[[ RECORDS TO PROCESS open ]]

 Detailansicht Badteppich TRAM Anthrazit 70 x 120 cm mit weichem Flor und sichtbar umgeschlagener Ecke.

[[ RECORDS TO PROCESS closed ]]
[[ RECORDS TO PROCESS open ]]

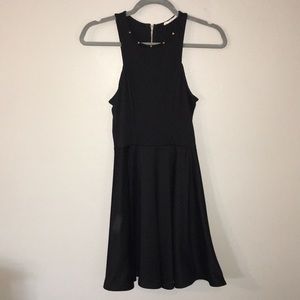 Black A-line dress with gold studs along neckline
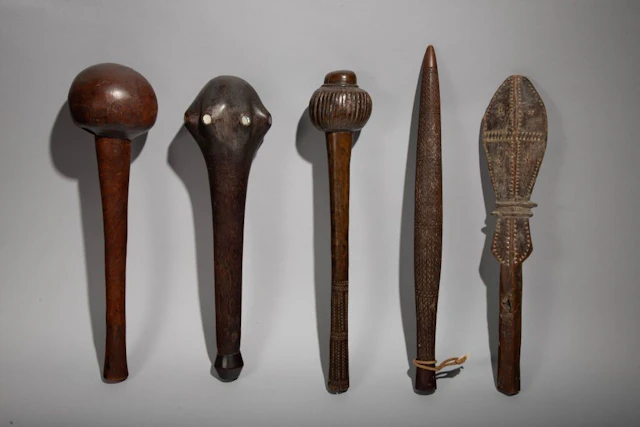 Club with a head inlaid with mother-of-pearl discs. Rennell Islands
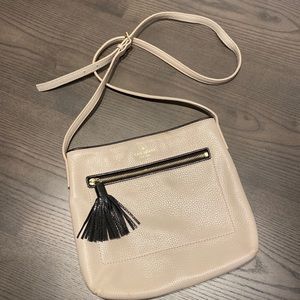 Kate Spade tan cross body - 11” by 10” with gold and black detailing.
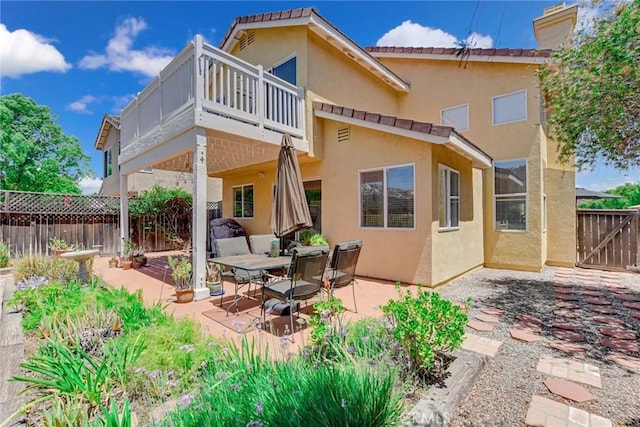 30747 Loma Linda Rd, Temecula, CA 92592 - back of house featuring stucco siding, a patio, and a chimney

[[ RECORDS TO PROCESS closed ]]

Copy nothing but the lines above from the one with "Kate Spade tan" to the one with "30747 Loma Linda", inclusive, word for word. Leave every picture out.

 Kate Spade tan cross body - 11” by 10” with gold and black detailing.
 30747 Loma Linda Rd, Temecula, CA 92592 - back of house featuring stucco siding, a patio, and a chimney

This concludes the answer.